2.2.3 Pembentukan Identitas Seksual pada Homoseksual menurut Cass
Dalam jurnal yang berjudul ‘Homosexual Identity Formation: A
Theoretical Model’ tahun 1979, secara komprehensif Cass menjelaskan teorinya
mengenai pembentukan identitas seksual homoseksual. Cass mendefinisikan
pembentukan identitas seksual homoseksual sebagai sebuah proses dimana
individu terlebih dahulu mempertimbangkan dan kemudian menerima identitas
‘homoseksual’ sebagai salah satu aspek yang relevan dalam dirinya. Model Cass
ini berdasarkan dua asumsi: (a) identitas diperoleh melalui proses perkembangan;
dan (b) locus untuk stabilitas, dan perubahan, perilaku terletak pada proses
interaksi yang terjadi antara individu dan lingkungan mereka. Teori Cass ini
menggunakan model interaksionis dalam pembentukan identitas homoseksual dan
mengakui pentingnya faktor psikologis dan sosial.
Ada enam tahap yang harus dilalui oleh individu untuk memperoleh
identitas ‘homoseksual’ yang terintegrasi. Lamanya waktu yang dibutuhkan untuk
melalui tahapan akan berbeda antara individu yang satu dengan yang lainnya.
Perbedaan setiap tahap, didasarkan pada persepsi individu akan perilakunya dan
28
tindakan yang muncul sebagai akibat dari persepsinya. Cass menekankan bahwa
tiap individu harus membuat pilihan sendiri dan berperan aktif dalam
pembentukan identitasnya. Pergerakan seorang individu dari satu tahap ke tahap
lain didasarkan pada usaha individu tersebut untuk mengatasi ketidaksamaan
antara persepsi terhadap diri dengan persepsi terhadap orang lain.
Enam tahap pembentukan identitas seksual menurut Cass, yakni sebagai
berikut:
1) Tahap 1: Kebingungan Identitas (Identity Confusion)
Proses awal pembentukan identitas seksual ditandai dengan munculnya
kesadaran akan diri dan perilaku individu (overt, seperti berciuman, atau internal,
seperti pikiran, emosi, atau respon fisiologis) relevan dengan homoseksualitas.

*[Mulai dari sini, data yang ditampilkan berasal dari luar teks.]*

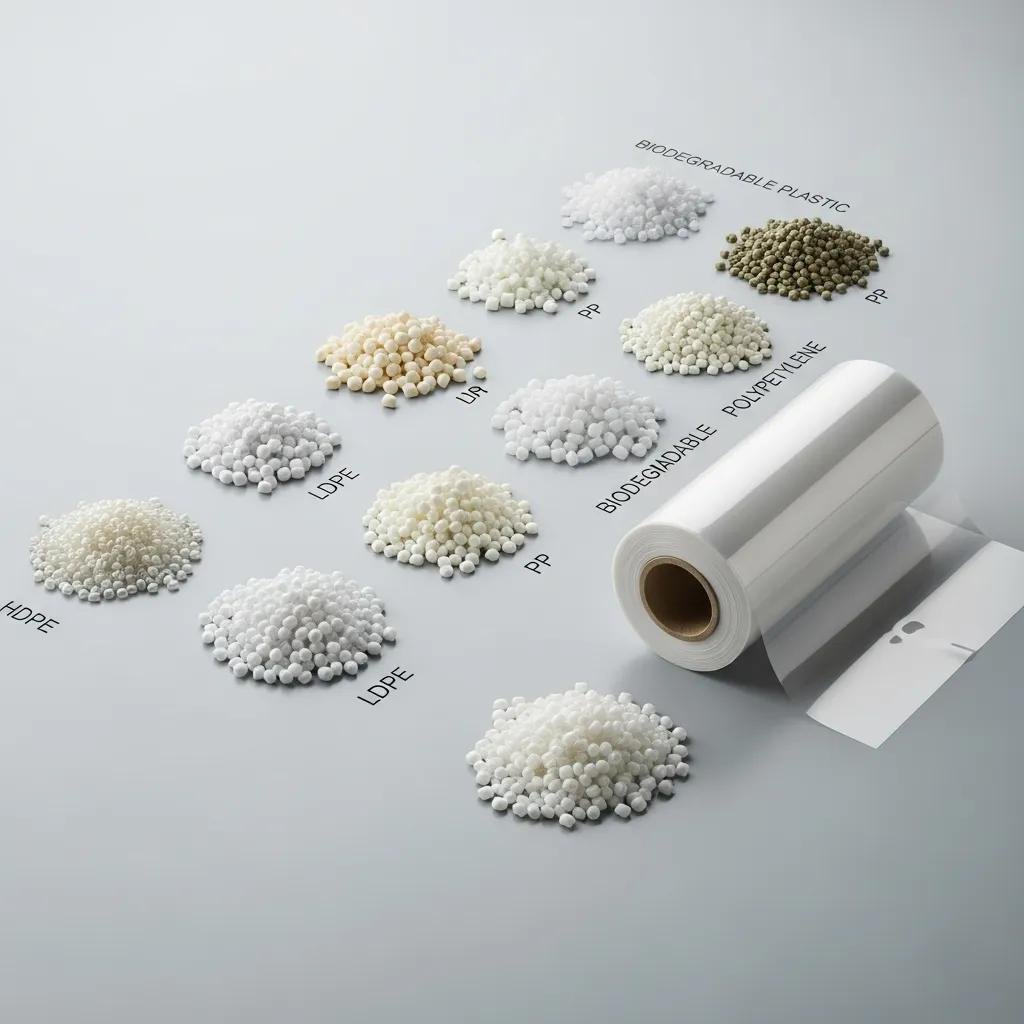 Raw materials for plastic bag production including HDPE, LDPE, PP, and biodegradable plastics displayed aesthetically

Dan proses ini dimulai ketika individu dapat memberikan label akan perilakunya
dan berkata, “perilaku saya mungkin disebut homoseksual.” Penginternalisasi
informasi secara berkelanjutan akan menumbuhkan kesadaran bahwa hal tersebut
tidak dapat dipungkiri.
Persepsi individu akan perilakunya menjadi berselisih/konflik baik persepsi
dirinya sebagai seorang heteroseksual maupun persepsi orang lain terhadap
masyarakat sebagai heteroseksual. Inkongruensi juga terjadi pada afeksinya.
Semakin jelas individu memaknai perilakunya sebagai homoseksual, maka
inkongruensi yang terjadi semakin meningkat.
Sebagai akibat dari inkongruensi ini, individu mengalami kebingungan dan
kekacauan, dan memunculkan pertanyaan “jika perilaku saya mungkin disebut
homoseksual, ini berarti saya seorang homoseksual?” Mereka melihat identitas
29
dirinya berpotensi sebagai homoseksual. Mereka menjadi ragu akan hal tersebut,
“siapa saya?” pertanyaan itu menjadi selalu muncul. Perasaan akan keterasingan
juga menjadi meningkat.
Untuk mengatasi kebingungan ini, biasanya individu memilih salah satu dari
tiga pendekatan/cara berikut ini:
1. Pendekatan pertama, ketika individu memaknai perilakunya dirasa benar dan
dapat diterima. Tidak ada usaha untuk mengubah persepsi akan perilakunya.
Muncul pertanyaan,
“apakah saya
homoseksual?” untuk
menjawab
pertanyaan ini dan mengurangi kebingungan yang ada, individu mulai
mencari informasi (seperti, membaca buku, mendengarkan diskusi tentang
homoseksualitas, konsultasi kepada konselor). Semakin yakin individu akan
perilakunya sebagai homoseksual, semakin akut inkongruensi yang ada.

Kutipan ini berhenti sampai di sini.